*Task to carry out*: Search the entries for the word "Place" and copy each line that has it.
Data section start
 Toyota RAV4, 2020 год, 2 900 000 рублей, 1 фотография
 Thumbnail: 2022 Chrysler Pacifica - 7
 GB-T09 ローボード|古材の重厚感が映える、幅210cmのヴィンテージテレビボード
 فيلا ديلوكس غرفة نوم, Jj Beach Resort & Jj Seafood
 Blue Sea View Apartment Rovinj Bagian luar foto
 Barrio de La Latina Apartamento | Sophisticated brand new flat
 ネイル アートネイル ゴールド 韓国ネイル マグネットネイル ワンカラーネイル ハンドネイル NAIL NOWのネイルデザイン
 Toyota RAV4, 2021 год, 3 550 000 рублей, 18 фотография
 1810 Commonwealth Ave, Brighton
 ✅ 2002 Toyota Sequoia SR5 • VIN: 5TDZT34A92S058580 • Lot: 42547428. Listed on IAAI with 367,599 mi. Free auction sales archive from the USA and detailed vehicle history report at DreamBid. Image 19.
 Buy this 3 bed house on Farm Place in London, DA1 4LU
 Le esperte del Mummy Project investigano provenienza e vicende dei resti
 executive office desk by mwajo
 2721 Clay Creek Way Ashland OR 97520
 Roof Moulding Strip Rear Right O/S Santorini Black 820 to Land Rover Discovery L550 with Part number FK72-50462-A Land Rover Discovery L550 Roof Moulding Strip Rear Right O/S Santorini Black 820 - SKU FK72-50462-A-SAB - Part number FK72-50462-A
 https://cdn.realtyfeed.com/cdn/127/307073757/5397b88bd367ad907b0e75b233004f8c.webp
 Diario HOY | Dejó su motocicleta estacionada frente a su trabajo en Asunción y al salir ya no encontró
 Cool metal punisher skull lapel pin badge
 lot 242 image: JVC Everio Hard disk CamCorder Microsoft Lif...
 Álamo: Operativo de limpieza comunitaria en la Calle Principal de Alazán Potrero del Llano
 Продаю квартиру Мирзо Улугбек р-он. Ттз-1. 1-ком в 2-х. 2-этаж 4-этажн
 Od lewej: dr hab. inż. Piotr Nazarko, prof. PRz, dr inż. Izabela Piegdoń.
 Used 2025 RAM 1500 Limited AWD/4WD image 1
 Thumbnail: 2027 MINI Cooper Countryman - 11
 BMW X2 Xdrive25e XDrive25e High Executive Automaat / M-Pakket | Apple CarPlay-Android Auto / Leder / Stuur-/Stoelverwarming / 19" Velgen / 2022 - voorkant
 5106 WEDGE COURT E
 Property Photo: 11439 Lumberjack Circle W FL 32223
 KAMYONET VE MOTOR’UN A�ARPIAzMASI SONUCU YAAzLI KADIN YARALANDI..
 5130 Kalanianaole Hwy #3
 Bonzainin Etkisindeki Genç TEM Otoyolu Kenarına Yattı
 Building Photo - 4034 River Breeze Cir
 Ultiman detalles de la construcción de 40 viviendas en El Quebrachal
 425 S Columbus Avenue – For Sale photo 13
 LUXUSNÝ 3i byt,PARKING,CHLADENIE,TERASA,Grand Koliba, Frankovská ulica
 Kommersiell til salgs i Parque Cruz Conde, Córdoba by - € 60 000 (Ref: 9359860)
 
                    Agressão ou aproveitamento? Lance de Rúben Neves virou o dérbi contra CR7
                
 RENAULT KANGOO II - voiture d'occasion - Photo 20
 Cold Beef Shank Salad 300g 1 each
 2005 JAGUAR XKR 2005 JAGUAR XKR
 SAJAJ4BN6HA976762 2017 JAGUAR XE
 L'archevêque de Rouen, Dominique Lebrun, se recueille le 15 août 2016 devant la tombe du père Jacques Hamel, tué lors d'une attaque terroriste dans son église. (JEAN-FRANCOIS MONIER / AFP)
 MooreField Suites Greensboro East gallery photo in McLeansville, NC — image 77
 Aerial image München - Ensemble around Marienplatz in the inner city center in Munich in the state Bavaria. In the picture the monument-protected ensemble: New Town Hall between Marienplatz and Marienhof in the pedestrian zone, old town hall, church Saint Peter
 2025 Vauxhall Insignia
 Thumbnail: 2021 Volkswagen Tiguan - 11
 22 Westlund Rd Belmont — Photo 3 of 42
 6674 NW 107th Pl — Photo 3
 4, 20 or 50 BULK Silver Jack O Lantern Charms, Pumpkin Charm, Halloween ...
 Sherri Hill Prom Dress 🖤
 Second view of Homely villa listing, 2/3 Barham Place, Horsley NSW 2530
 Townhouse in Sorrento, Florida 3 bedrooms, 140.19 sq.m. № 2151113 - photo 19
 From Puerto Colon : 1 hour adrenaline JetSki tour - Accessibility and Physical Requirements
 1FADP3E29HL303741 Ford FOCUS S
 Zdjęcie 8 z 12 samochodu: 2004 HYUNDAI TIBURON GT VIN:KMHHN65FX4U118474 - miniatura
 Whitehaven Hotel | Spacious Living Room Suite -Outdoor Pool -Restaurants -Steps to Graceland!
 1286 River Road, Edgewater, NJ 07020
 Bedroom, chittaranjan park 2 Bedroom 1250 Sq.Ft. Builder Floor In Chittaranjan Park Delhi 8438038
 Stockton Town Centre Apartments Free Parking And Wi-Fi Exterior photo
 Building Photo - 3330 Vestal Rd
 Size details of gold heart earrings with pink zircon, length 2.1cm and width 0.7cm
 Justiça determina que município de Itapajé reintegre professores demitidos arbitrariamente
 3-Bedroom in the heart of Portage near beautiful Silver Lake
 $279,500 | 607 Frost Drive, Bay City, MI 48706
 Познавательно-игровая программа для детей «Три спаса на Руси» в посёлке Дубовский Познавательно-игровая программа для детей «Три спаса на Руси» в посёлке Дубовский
Data section end
*The completed task*:
 Buy this 3 bed house on Farm Place in London, DA1 4LU
 Second view of Homely villa listing, 2/3 Barham Place, Horsley NSW 2530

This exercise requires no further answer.